Улыбка
милого холста
ИРИНА МАШИНСКАЯ
.
Маме
Перелески в окне — как реклама на длинном плакате:
разбираешь под утро, а сложишь уже на закате
то, что может сойти и за смысл, если круглые даты,
а замедлится если — то если стоят, как солдаты.
До того, как войдет проводник с долгожданным вопросом,
ты умылся и едешь под голубым купоросом.
Только утром, пожалуй, и смотришь с таким интересом,
словно тут ты живешь, за каким — все не выберешь, лесом.
Но полуденный мир поражает подобьем устройства.
Переехав, ты только удвоишь размеры изгойства.
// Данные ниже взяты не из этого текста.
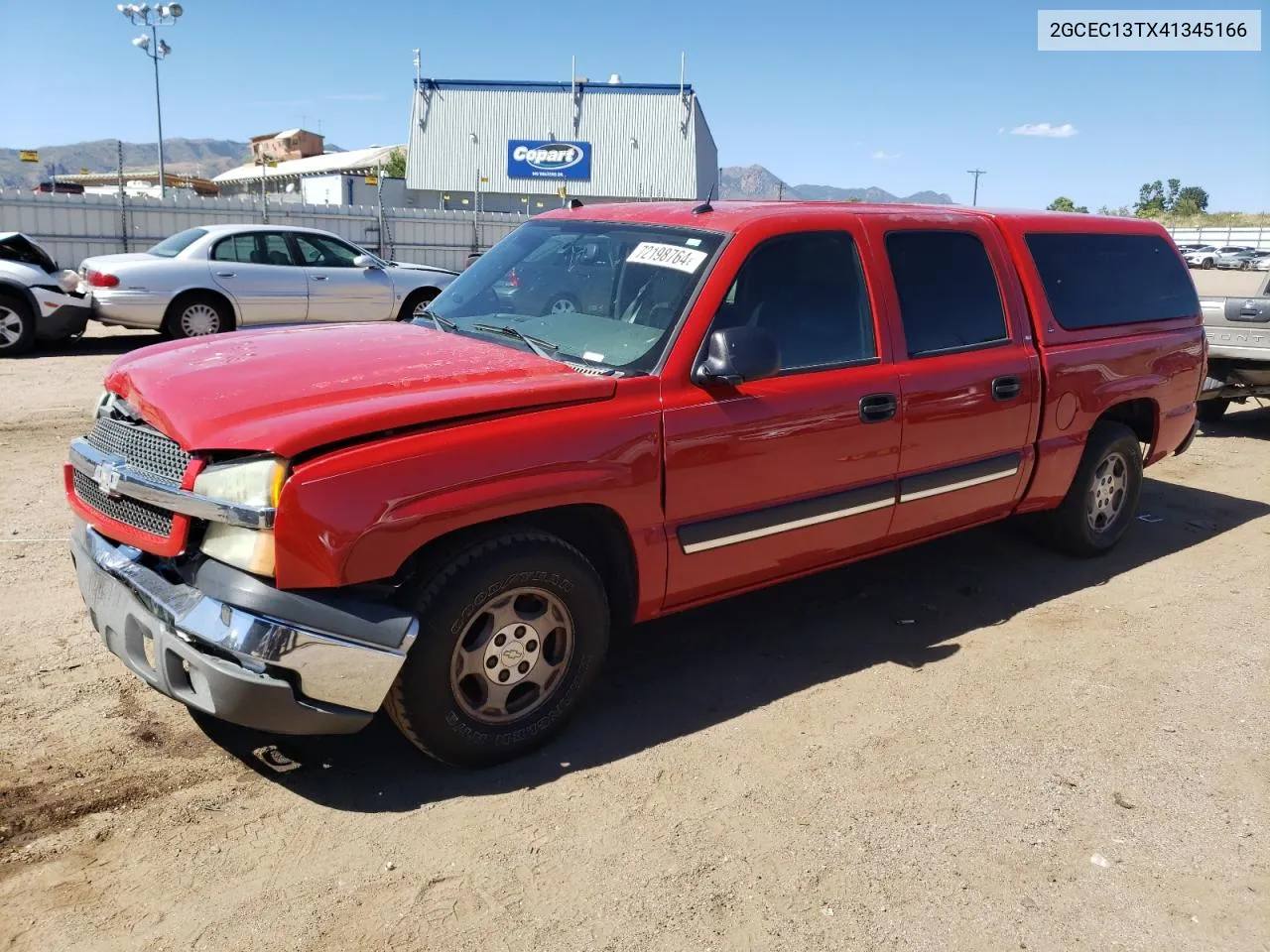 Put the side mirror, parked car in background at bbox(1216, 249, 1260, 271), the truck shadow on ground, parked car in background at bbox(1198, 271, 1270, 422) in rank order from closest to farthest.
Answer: the truck shadow on ground < the side mirror < parked car in background at bbox(1198, 271, 1270, 422) < parked car in background at bbox(1216, 249, 1260, 271)

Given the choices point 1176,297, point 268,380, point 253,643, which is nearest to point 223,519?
point 253,643

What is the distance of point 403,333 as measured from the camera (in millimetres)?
4074

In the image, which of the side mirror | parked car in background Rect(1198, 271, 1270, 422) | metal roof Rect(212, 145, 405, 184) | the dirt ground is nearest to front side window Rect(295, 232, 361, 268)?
the dirt ground

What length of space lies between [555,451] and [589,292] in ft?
3.43

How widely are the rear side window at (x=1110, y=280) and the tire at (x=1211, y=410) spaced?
16.6ft

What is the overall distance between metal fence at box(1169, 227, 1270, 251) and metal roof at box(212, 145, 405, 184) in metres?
52.7

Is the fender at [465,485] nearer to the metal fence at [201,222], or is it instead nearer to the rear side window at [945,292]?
the rear side window at [945,292]

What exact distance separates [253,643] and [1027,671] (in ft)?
10.6

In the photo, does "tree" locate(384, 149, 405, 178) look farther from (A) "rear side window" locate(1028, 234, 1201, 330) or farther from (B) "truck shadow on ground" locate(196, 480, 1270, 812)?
(B) "truck shadow on ground" locate(196, 480, 1270, 812)

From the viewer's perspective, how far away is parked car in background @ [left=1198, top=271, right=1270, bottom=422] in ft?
30.1

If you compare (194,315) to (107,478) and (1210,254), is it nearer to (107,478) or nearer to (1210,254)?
(107,478)

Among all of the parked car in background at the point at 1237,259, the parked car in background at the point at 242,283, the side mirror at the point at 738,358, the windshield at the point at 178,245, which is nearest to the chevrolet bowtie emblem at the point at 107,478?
the side mirror at the point at 738,358

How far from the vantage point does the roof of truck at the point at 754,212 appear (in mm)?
4090

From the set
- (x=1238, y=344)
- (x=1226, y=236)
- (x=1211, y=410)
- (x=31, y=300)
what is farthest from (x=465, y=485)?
(x=1226, y=236) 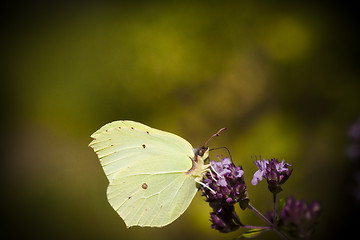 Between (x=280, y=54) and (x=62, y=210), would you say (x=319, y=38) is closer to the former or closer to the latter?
(x=280, y=54)

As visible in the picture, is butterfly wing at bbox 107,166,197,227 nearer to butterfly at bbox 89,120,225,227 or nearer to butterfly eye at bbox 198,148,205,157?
butterfly at bbox 89,120,225,227

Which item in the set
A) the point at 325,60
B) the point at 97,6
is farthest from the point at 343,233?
the point at 97,6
Разве ноги размять или яблок купить, а отстанешь —
только бабки останутся, сам же козленочком станешь.
Примеряйся хоть сколько к чужому вприглядку, вприкуску —
не ухватишь всего на ужимку, утряску, утруску:
то луга, то стога, то снопы кувырком, как попало,
и лесок на стекле, и закатом горит одеяло.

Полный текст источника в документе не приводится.